Without the pictures, restate all of the data below word for word.

▸ **THE DATA**

============================================================

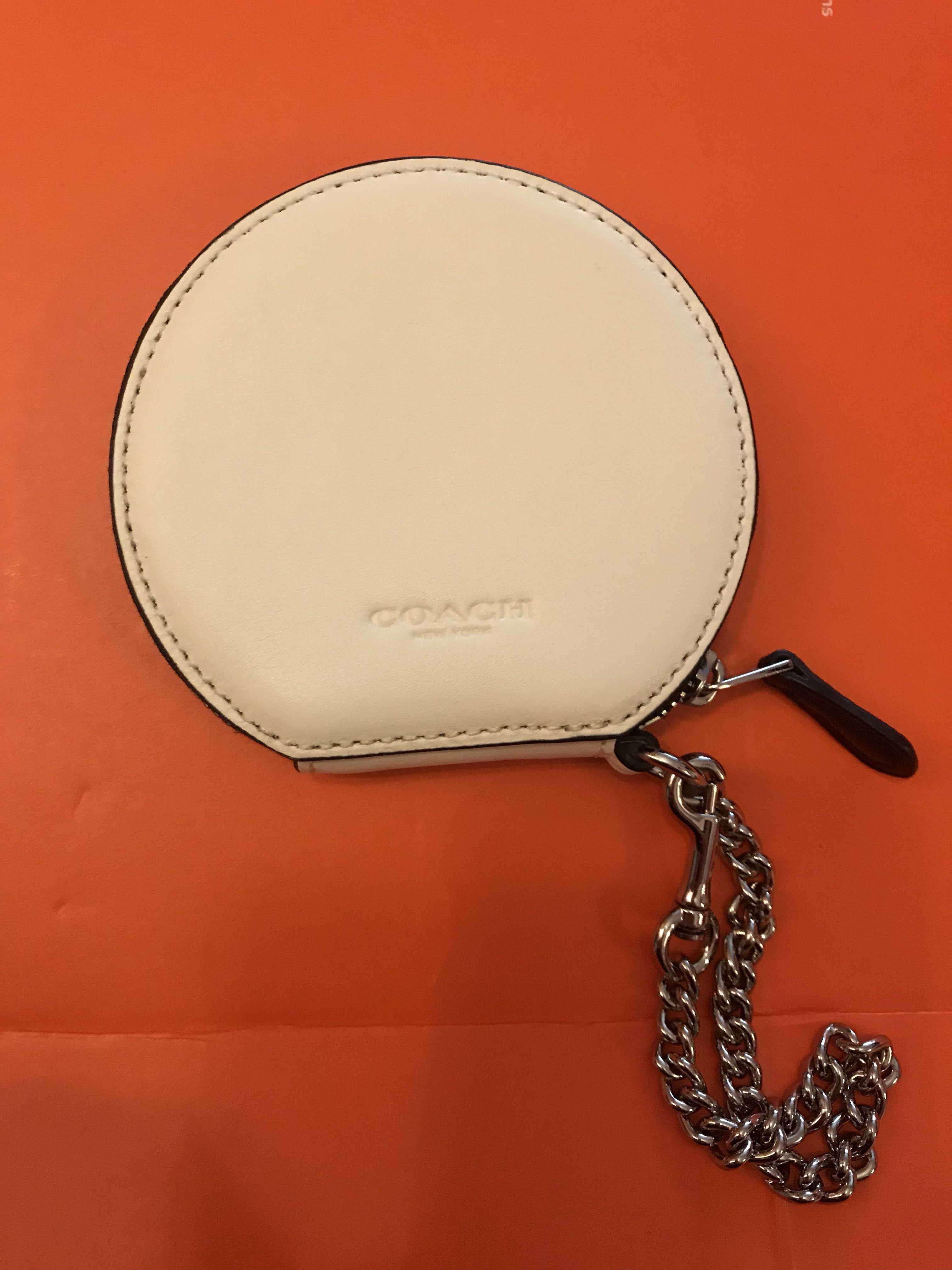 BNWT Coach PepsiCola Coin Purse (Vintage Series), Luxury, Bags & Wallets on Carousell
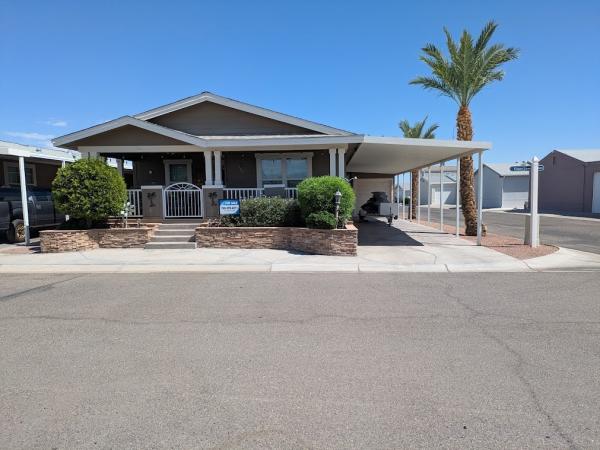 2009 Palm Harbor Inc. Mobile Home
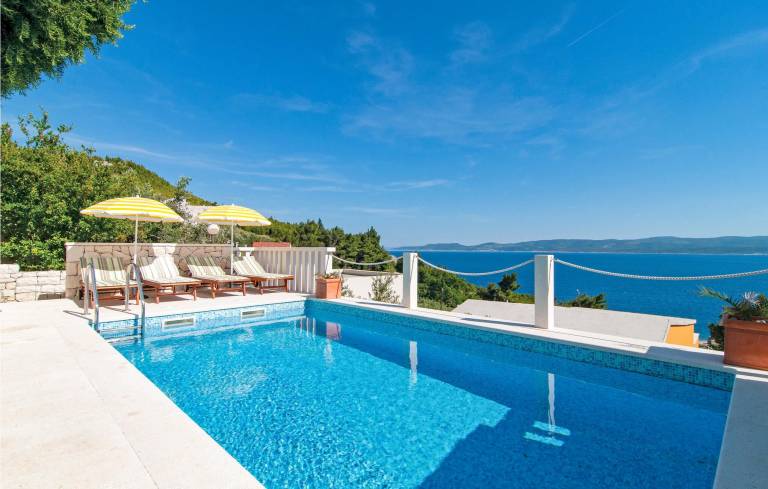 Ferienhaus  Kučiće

============================================================

▸ **OUTPUT BELOW**
 BNWT Coach PepsiCola Coin Purse (Vintage Series), Luxury, Bags & Wallets on Carousell
 2009 Palm Harbor Inc. Mobile Home
 Ferienhaus  Kučiće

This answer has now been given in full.